— What is required —
Write down exactly the lines from the one below that has "Achiou Winter Touch" to the end of the data, both ends included; the pictures should not appear in your copy.
========================
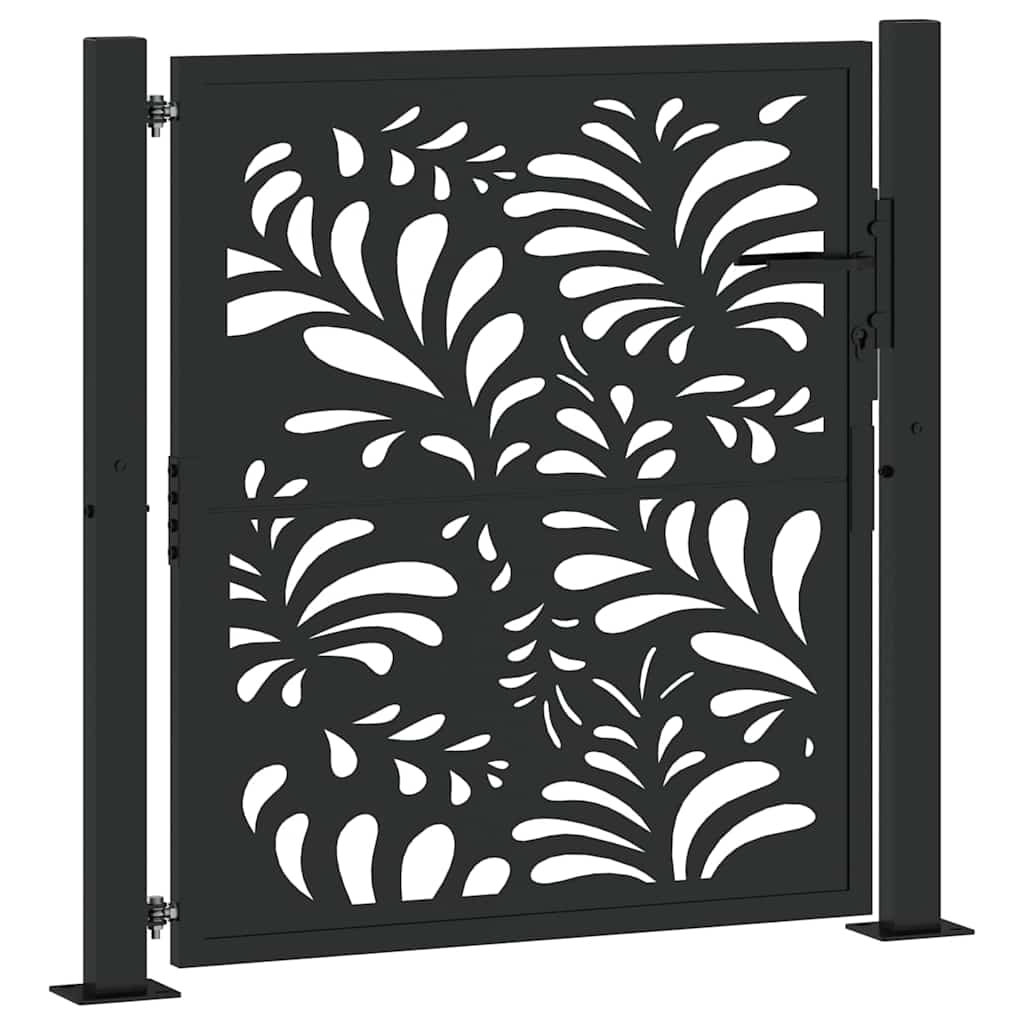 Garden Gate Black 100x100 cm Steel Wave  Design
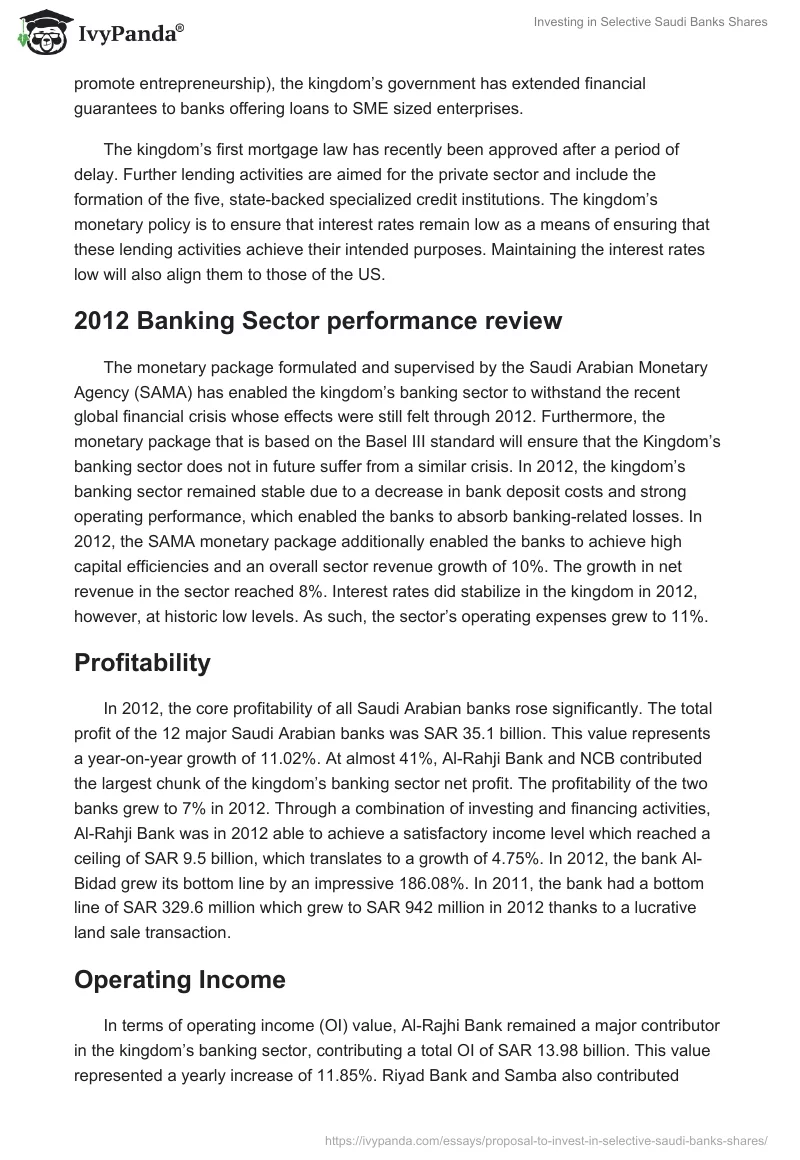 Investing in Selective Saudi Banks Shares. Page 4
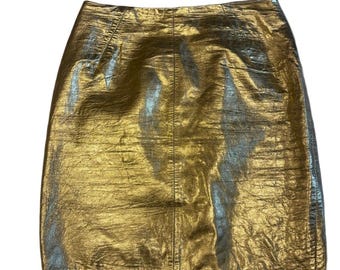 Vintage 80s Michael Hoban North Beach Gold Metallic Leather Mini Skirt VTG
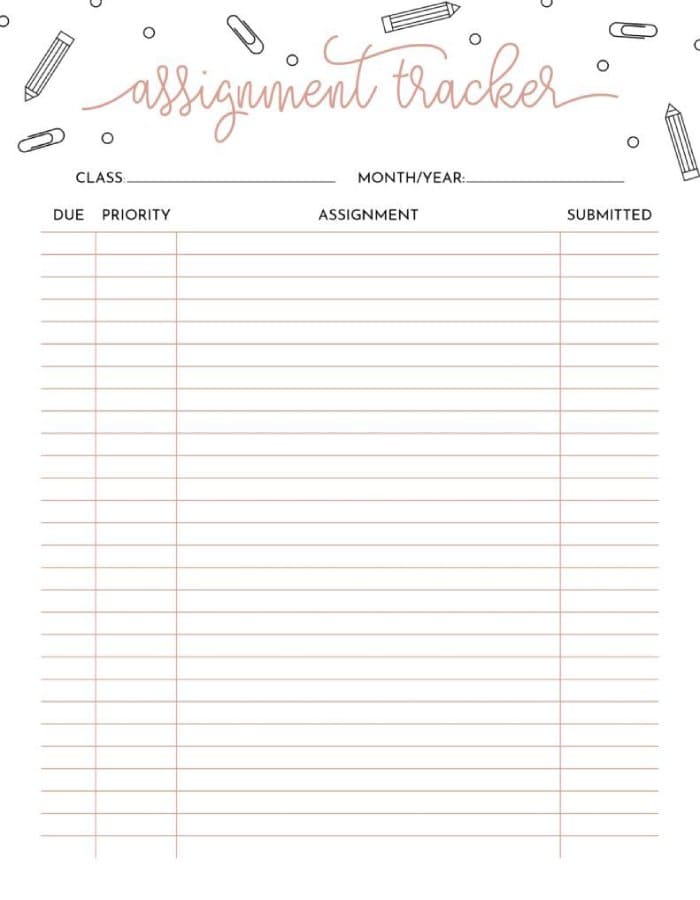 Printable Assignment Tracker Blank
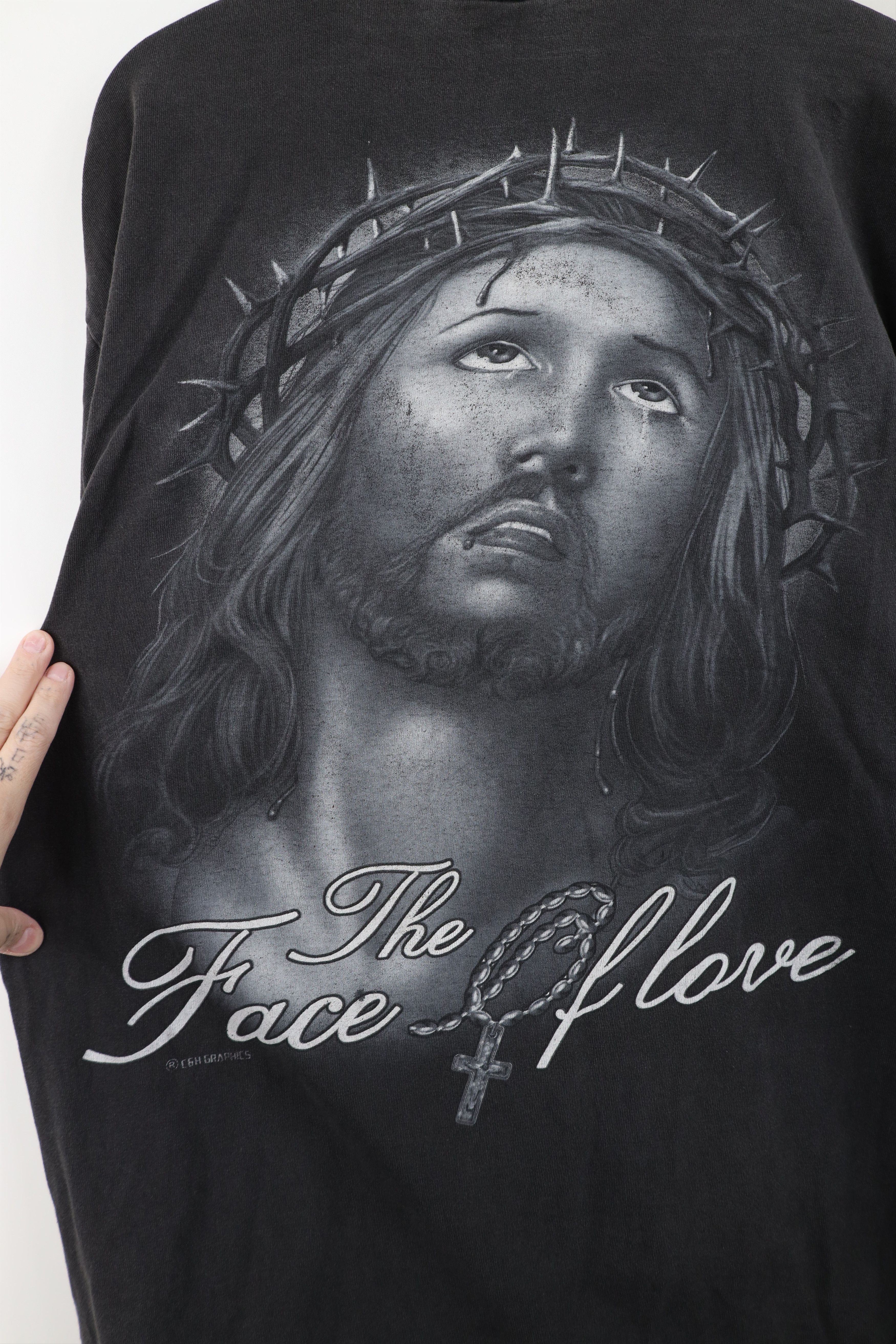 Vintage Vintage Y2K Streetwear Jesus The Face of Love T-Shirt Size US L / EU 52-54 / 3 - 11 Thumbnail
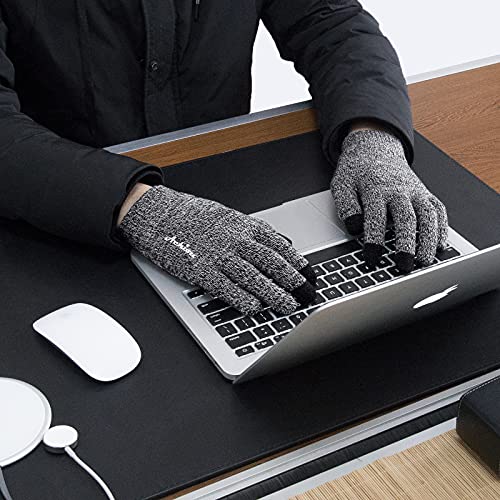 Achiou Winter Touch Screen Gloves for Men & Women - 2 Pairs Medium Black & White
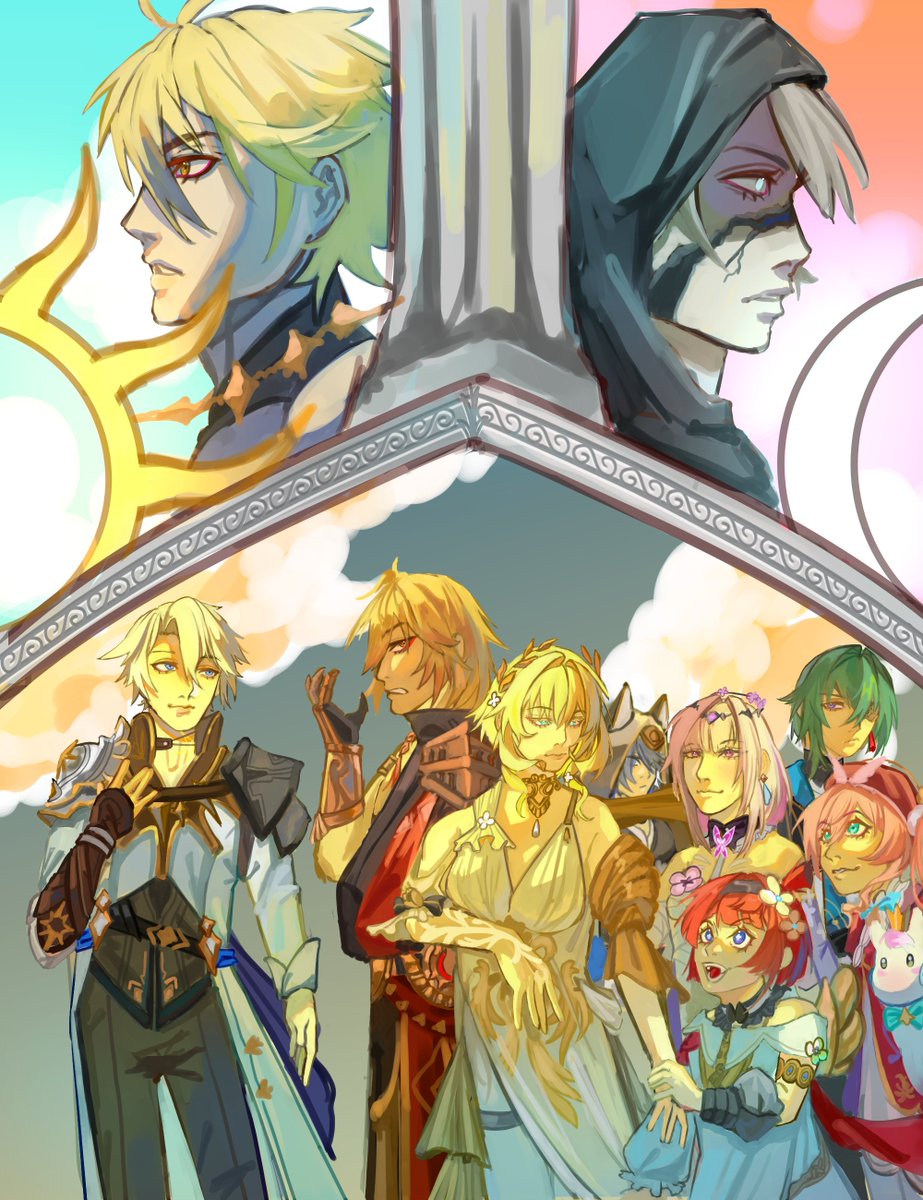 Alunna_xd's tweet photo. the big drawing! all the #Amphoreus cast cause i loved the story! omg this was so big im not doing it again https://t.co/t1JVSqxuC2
========================
— Task response —
 Achiou Winter Touch Screen Gloves for Men & Women - 2 Pairs Medium Black & White
 Alunna_xd's tweet photo. the big drawing! all the #Amphoreus cast cause i loved the story! omg this was so big im not doing it again https://t.co/t1JVSqxuC2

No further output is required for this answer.